Governance leaders, as well as executives, must be team players and fast learners who are open to new ideas. The sponsors at the think tank also predicted that future ministry trustees will come from areas of professional expertise different than traditional backgrounds such as business, banking, law, and real estate. These sponsors will look to sectors such as the media, high tech, and quality assurance for trustees with the needed skill sets.

Not surprisingly, their discussion of governance led them to questions about the future of sponsorship: What is the changing role of sponsorship? What is the relationship of congregations to the institutional ministries of the church? What have we learned to date from our experience of cosponsorship? Some participants acknowledged that congregations don't have a unified approach to discussing sponsorship possibilities for the future. Even within a congregation there may be separate discussions occurring about future sponsorship of the various ministries of that congregation. "We should not have the same conversations five times," one participant said, "but we do."
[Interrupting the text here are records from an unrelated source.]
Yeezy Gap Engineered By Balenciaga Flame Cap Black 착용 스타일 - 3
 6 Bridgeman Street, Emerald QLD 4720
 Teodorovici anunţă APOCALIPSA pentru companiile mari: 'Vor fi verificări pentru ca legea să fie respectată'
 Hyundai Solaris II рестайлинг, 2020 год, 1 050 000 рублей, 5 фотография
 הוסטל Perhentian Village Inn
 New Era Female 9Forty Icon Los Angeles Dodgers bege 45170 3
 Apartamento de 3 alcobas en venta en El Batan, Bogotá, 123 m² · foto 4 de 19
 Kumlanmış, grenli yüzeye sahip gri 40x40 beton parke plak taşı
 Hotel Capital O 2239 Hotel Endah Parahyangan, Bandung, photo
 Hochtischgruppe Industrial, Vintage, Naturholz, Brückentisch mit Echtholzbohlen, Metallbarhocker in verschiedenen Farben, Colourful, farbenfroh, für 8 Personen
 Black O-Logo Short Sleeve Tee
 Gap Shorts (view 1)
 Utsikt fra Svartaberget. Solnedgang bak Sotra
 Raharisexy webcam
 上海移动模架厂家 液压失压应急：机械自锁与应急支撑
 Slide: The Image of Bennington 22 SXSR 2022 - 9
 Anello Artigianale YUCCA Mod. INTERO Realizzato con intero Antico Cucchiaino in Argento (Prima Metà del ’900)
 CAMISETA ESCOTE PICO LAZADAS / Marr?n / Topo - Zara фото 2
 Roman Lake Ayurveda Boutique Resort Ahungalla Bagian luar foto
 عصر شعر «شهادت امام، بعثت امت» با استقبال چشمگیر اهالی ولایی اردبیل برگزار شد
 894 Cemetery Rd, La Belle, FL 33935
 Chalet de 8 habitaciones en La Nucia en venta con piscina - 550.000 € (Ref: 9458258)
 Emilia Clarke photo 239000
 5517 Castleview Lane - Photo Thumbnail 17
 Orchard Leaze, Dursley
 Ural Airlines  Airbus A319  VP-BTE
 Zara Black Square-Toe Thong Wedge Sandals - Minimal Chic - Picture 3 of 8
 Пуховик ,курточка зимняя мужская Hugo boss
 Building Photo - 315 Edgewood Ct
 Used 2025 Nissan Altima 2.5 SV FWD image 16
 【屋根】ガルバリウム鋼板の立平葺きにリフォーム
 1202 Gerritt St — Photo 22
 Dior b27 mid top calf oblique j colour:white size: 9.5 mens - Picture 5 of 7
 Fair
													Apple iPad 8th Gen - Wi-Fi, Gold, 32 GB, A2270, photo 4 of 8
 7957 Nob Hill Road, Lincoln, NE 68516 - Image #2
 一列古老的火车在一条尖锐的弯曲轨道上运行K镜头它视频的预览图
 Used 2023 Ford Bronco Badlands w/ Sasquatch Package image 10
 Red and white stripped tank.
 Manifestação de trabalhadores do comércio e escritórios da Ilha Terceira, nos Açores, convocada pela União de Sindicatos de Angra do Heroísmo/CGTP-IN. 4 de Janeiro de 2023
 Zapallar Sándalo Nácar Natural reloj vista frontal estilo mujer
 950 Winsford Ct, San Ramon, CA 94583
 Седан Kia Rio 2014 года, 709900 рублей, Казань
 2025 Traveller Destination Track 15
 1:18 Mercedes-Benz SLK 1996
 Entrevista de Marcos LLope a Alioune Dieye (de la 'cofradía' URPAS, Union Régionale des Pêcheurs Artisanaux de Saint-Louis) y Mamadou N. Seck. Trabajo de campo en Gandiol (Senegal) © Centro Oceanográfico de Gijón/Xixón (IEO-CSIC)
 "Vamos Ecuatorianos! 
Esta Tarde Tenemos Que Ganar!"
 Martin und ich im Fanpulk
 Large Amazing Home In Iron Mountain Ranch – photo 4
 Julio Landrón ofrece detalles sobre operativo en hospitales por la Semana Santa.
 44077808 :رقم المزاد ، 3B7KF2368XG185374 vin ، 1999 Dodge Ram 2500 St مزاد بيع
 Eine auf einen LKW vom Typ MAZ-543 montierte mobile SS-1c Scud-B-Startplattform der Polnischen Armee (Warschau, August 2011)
Throughout the December think tank, the sponsor participants returned several times to the questions, "Are we an essential ministry of the Church? And do we believe that we are an essential ministry of the Church?" These questions, and concerns about the future of sponsorship, point to a new project underway at CHA. The goal of this initiative is to ensure a vital future for sponsored works — apostolates and ministries, within the church in the United States, with a particular attention to the ministry of health care. In this multiphase project, the "ministry gathered" will explore the theology of sponsorship, review current canonical models, identify alternative models, and ensure that there are resources necessary to support sponsorship today and into the future. This project seeks to integrate or ground sponsorship within the church.

The first phase of the project will produce a clear articulation of an integrated theology of sponsorship and its implications. We are fortunate in this endeavor to be joined by Sr. Sharon Euart, RSM, who is coordinating the various activities that will lead to a written document of this theology of sponsored works. Sr. Euart and a team of staff members at CHA are presently coordinating the first convening of a panel of recognized theologians (including three bishops) who, in dialogue, will begin to articulate this theology. Simultaneously, Sr. Euart and others are gathering the work of individuals and congregations who are already thinking, reflecting, and writing about sponsorship.

Listening to the dialogue among the sponsors present at the think tank, I was heartened by the sentiments expressed. These sponsors — and the trustees who met in a similar forum the previous day — spoke about a willingness to let go of the old and move in new directions, to take risks for the sake of those served by the ministry, and to re-ignite the passion for the healing mission. Like the sponsors and trustees we will need for the future, these are people who diligently ask, "What is the right thing to do so the healing mission of Jesus may continue in our world?"

— Sr. Margaret Mary Kopish, ASC, DMin

Senior director, sponsor services, Catholic Health Association, St. Louis.